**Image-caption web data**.
'''

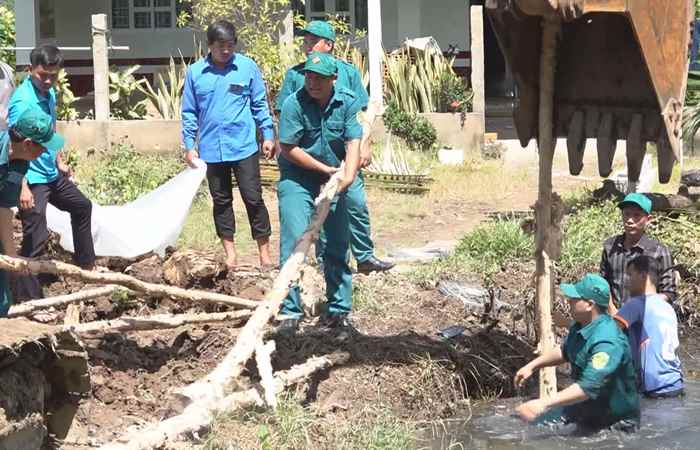 TRần Đề: Diễn tập phòng, chống lụt bão và tìm kiếm cứu nạn xã Lịch Hội Thượng  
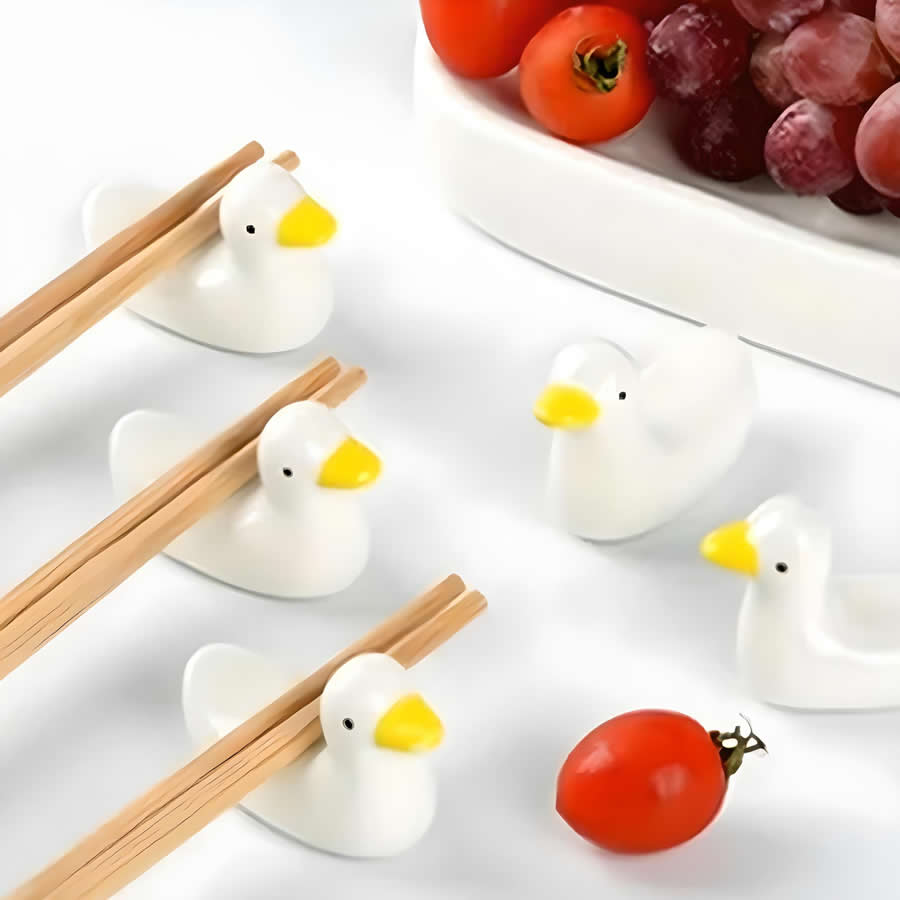 Kawaī Duck Chopstick Rest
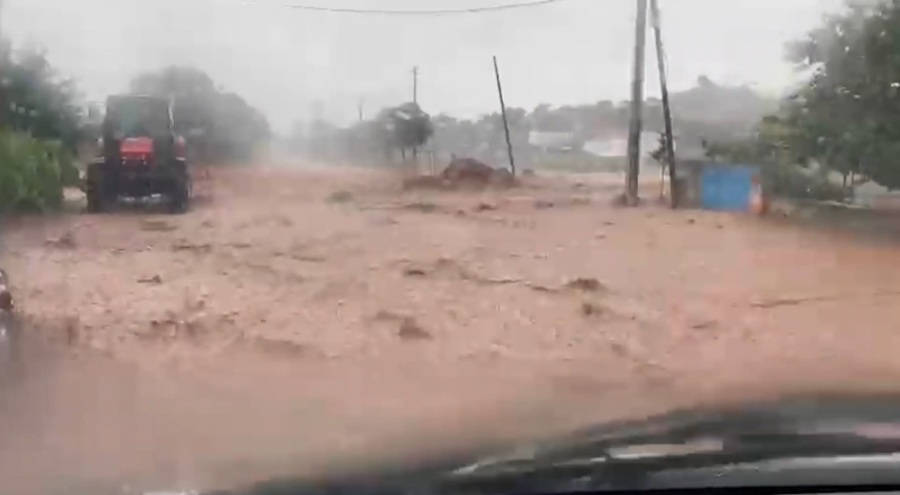 Kırıkkale evleri ve ahırları su bastı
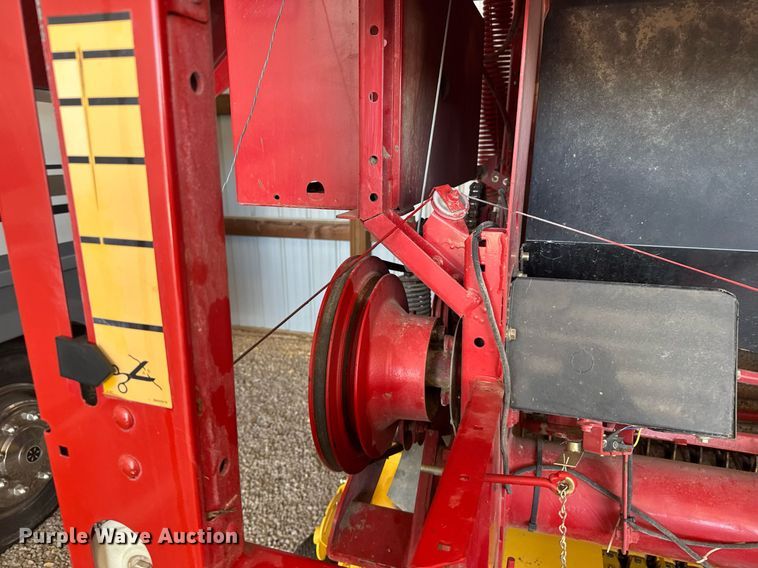 image for item NN9589 2005 New Holland BR780 round baler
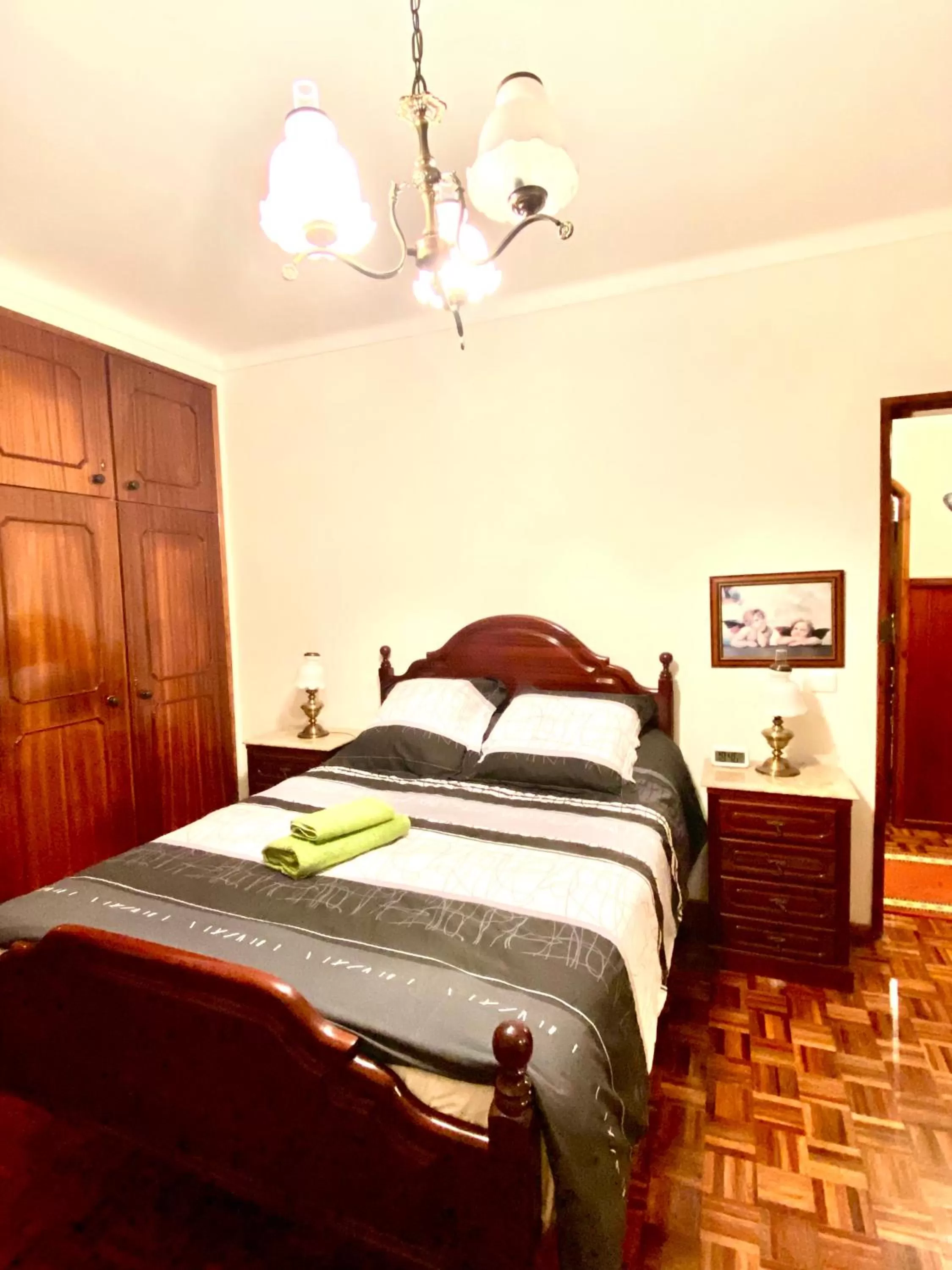 Bed in Spray B&B Sitio in Nazare Mini bar, European style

'''

**PROBLEM DETAILS**. Your task is a word-for-word transcription of the entries, leaving out all pictures.

**TASK RESPONSE**.
 TRần Đề: Diễn tập phòng, chống lụt bão và tìm kiếm cứu nạn xã Lịch Hội Thượng  
 Kawaī Duck Chopstick Rest
 Kırıkkale evleri ve ahırları su bastı
 image for item NN9589 2005 New Holland BR780 round baler
 Bed in Spray B&B Sitio in Nazare Mini bar, European style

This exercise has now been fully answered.